Question: What are the possibilities for a hybrid system that uses both vehicle-to-vehicle communication as well as vehicle to infrastructure?

Irvine: A hybrid model would indeed make life much easier. You have a known environment, lined with sensors. However, you run up against the business model. If you’re thinking of deploying a sensed environment across an entire nation, that’s going to be horrendously expensive. Who’s going to pay for that? And who’s going to pay to maintain it? I think a practical driverless solution is going to have to work with a minimal amount of infrastructure. And that's the challenge.  

When you add the fact that people drive recreationally, for pleasure, and consider the vast numbers of ordinary vehicles on the road today, I just don't see a complete transition to all driverless cars happening. Cultural factors may be more powerful than technology. Some people are going to love the idea of not having to drive a car. But a lot of people are going to take a stand against that idea. And it’s going to take a long time to change that mindset.

Question: Would you describe a likely scenario for the years ahead?

Irvine:  I foresee an incremental approach as technical, business, practical, and cultural factors align. You might see driverless delivery vehicles in dense urban areas – something like golf carts on steroids – though a delivery may still require a person in the vehicle to make that delivery.

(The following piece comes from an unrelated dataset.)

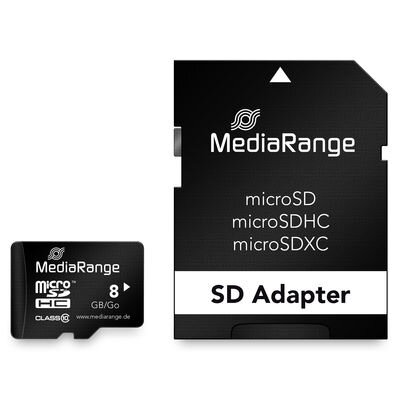 Secure Digital Card 8GB micro Mediarange Class 10 + SD adapter MR957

And it’s possible that driverless transport on major roadways between cities could happen. Meanwhile, connected cars, enabled by 5G technology and driven by humans, will proliferate and safety will gradually improve.

The catch here is that 5G coverage would need to be nationally ubiquitous and you’d want that for a variety of reasons – emergency services, healthcare, education, access to the global community. So perhaps we’re looking at ubiquitous cellular coverage that creates multiple value streams, supported by multiple stakeholders and, thus, cost-sharing that makes the cost of supporting connected cars more feasible.